50. The expressed concerns not only relate to the readmitted refugees.
Syrian refugees receiving temporary protection in Turkey live in
extreme poverty, due to the combination of limited access to social
welfare systems and to the labour market, where a quota system for
Syrian refugees is applied and employers requesting a working permit
face long and expensive procedures. The total number of official
work permits being issued to Syrian refugees are not more than 15 000
to 30 000. Many of the refugees are exposed to exploitation on the informal
labour market, including a substantial number of Syrian children.
51. The state of emergency that applies since the coup attempt
of summer 2016 also has repercussions for refugees and asylum seekers,
as it has significantly reduced their safeguards against refoulement. The Turkish Executive
Decree 676/2016 has abolished the automatic suspensive effect of
an appeal against removal orders for individuals considered to constitute
a “threat to public order, security and health” or regarded as somehow
associated with “terrorist organisations”. Although the reason for
such labelling is not substantiated, administrative authorities
and courts do not question its validity. In such cases, removal
orders can be issued even when the person concerned is a recognised
refugee or a registered asylum seeker. The only instance able to
stop the deportation is the Constitutional Court.
52. The positive results of the EU–Turkey Agreement are that funding
has supported access to services for refugees in Turkey.

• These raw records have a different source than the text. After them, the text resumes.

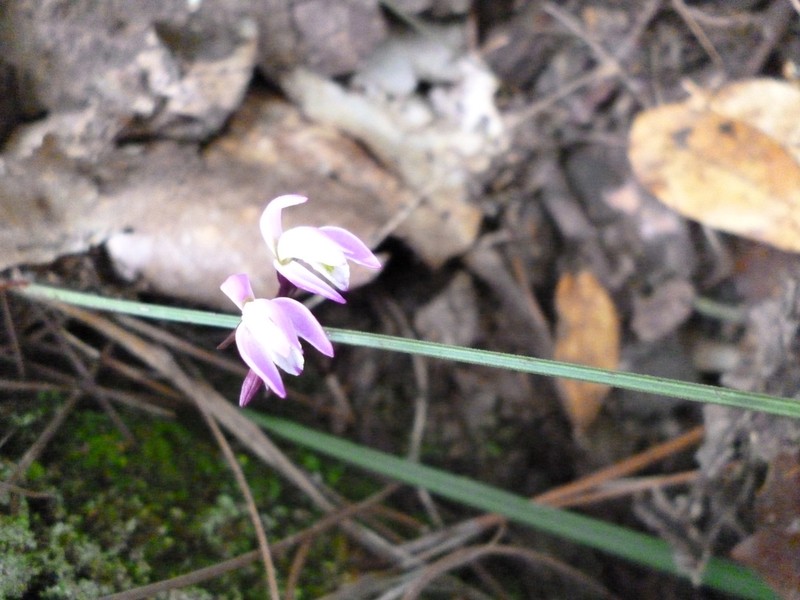 Triphora gallegosii photo 5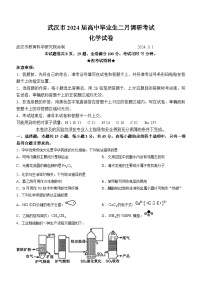 湖北省武汉市2023-2024学年高三下学期2月调研考试化学试卷（Word版附答案）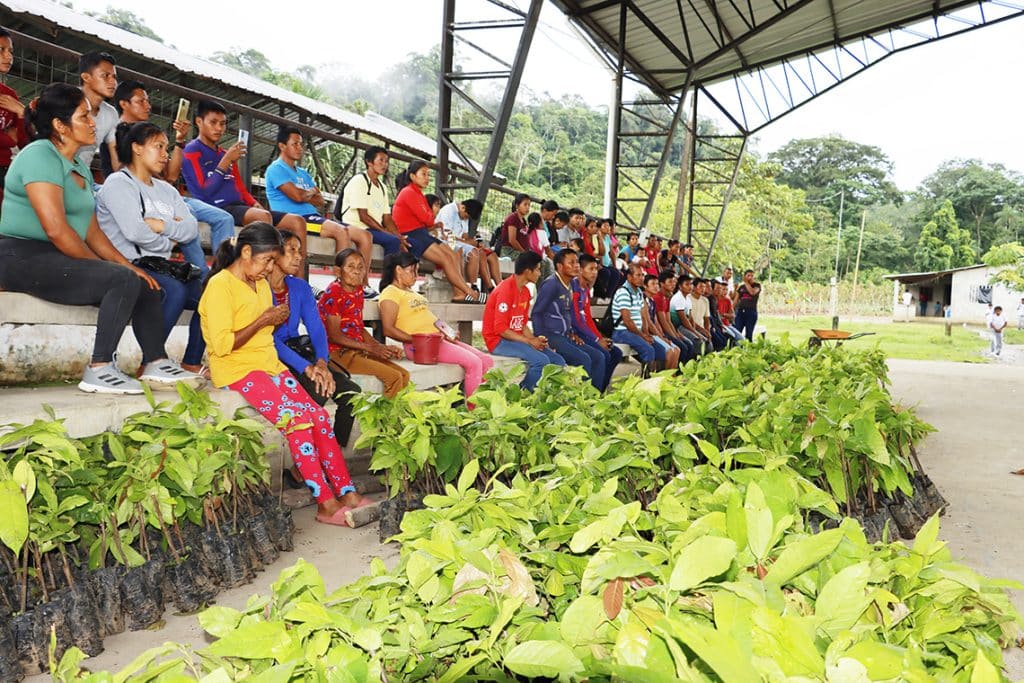 web corbetura entrega de plantas alto sumino de ahuano campo cocha san isidro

Considerably
more children are able to attend school and health services have
been improved and more supporting programmes are offered to the
most vulnerable refugees. Furthermore, as at 30 May 2018, 13 862 Syrian
refugees had been resettled from Turkey and the capacities of Turkey’s
Ministry for Migration had been significantly strengthened.
53. However, the level of poverty of Syrian refugees, exploitation
on the labour market and housing market, as well as the high level
of child labour remain concerning. The economic breakdown is likely
to even worsen their situation and create tensions in a country
already struggling with socio-economic strains and political tensions.
Also gaps in protection remain, both for Syrian refugees and for
non-Syrian asylum seekers. This is partly related to the sheer number
of people hosted in Turkey. The highest numbers of migrants arriving
in the country were from Afghanistan: 175 000 arrived in 2017, and
for only the first five months of 2018 the figures already stood
at over 100 000. Some 14 000 Afghans had been returned to Afghanistan
in the framework of the readmission agreement with the country,
1 626 of whom had arrived from the Aegean islands. The IOM was co-operating
in these operations, and efforts were being made to absorb the backlog,
for example a second processing centre had just opened in Ankara.
54. The EU–Turkey Agreement not only had consequences in Turkey.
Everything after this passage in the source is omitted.